The Cocos (Keeling) Islands, formally the Territory of the Cocos (Keeling) Islands, are an Australian external territory in the Indian Ocean, consisting of a tiny archipelago about halfway between Australia and Sri Lanka and very near to the Indonesian island of Sumatra. The territory's dual name (official since the islands were incorporated into Australia in 1955) reflects the fact that the islands were formerly known as either Cocos Islands or the Keeling Islands.
The region comprises two atolls made up of 27 coral islands, only two of which are inhabited (West Island and Home Island). The population of roughly 600 people is mostly made up of Cocos Malays, who practice Sunni Islam and speak a Malay dialect as their primary language. The territory is administered as an Australian external territory by the Australian federal government's Department of Infrastructure, Transport, Regional Development, and Communications, and it forms the Australian Indian Ocean Territories administrative grouping with Christmas Island (which is about 960 kilometers (600 mi) to the east). The islanders do, however, enjoy some degree of self-government under the local shire council. The state of Western Australia provides many public services, including health, education, and police, and Western Australian law prevails unless the federal government has ruled otherwise. Western Australian postcodes are also used throughout the territory.

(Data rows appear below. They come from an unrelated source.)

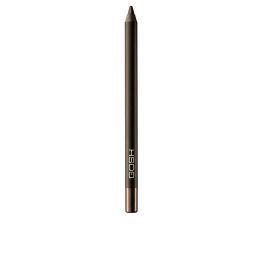 Gosh VELVET TOUCH eyeliner waterproof #018-I sea you | Lápiz Semi-Permanente con Vitamina E y Jojoba | Sin Fragancia | 1.2g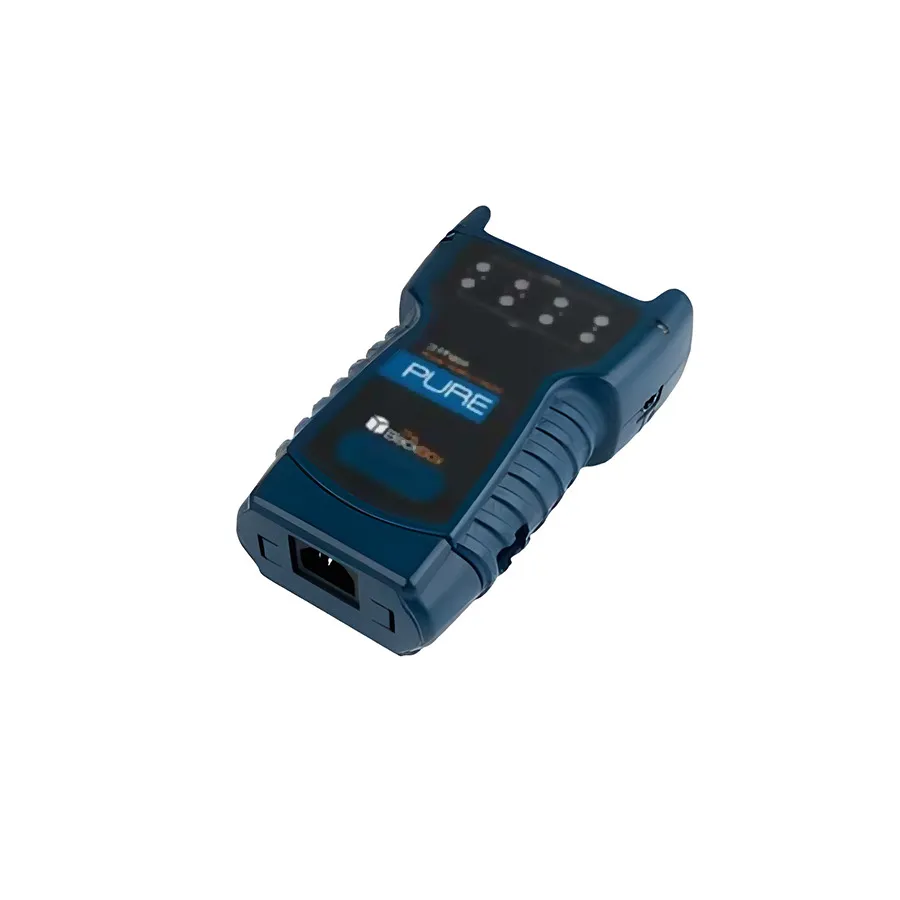 Elspec SPG-531A-0090-1 Pure BB Powerkwaliteitsanalysator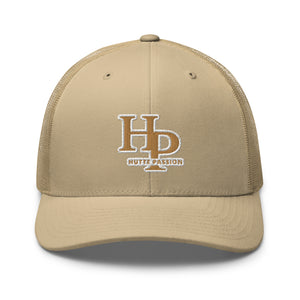 Casquette Trucker la classique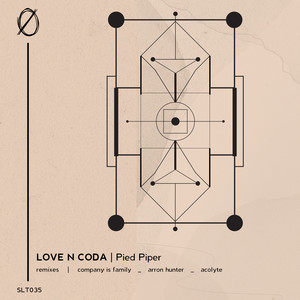 Pied Piper (Arron Hunter Remix)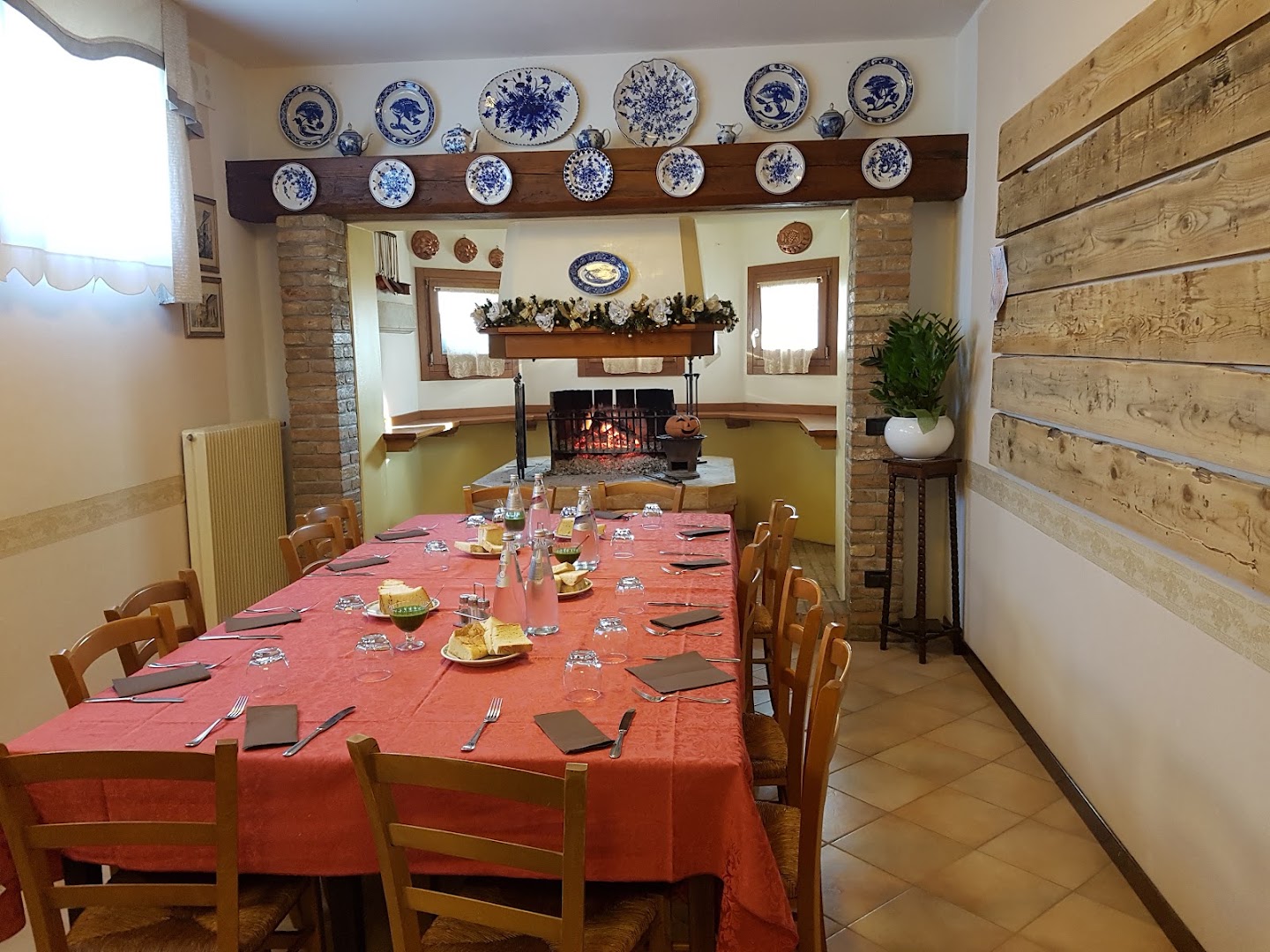 Ristorante Casa D'Arsiè, Ormelle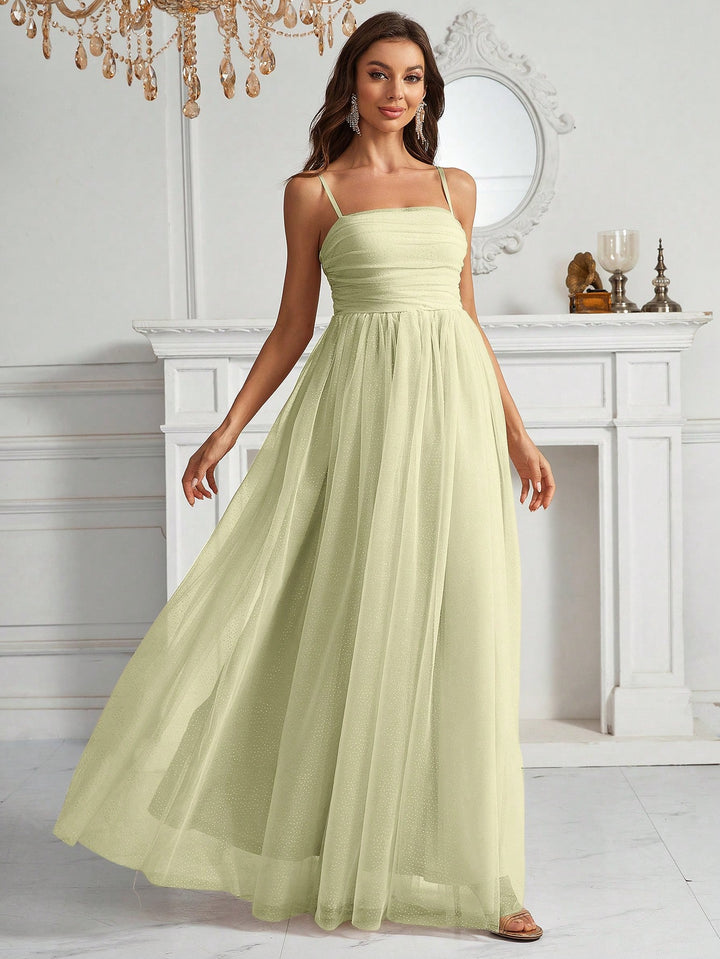 Rochie SHEIN, verde
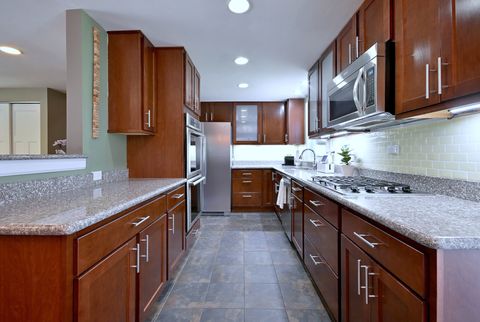 Tiny photo for 19392 W Harvard Avenue, Mundelein, IL 60060 (MLS # 12663880)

The British naval captain William Keeling found the islands in 1609, but no settlement happened until the early nineteenth century. John Clunies-Ross, a Scottish trader, was among the initial immigrants; most of the island's present population is derived from Malay laborers he brought in to work on his copra plantation. For over 150 years, the Clunies-Ross family administered the islands as a private fiefdom, with the head of the family commonly recognized as the resident magistrate. The British acquired the islands in 1857, and they were managed from either Ceylon or Singapore for the following century. Although the territory was handed to Australia in 1955, the Clunies-Ross family retained practically all of the island's real estate until 1979.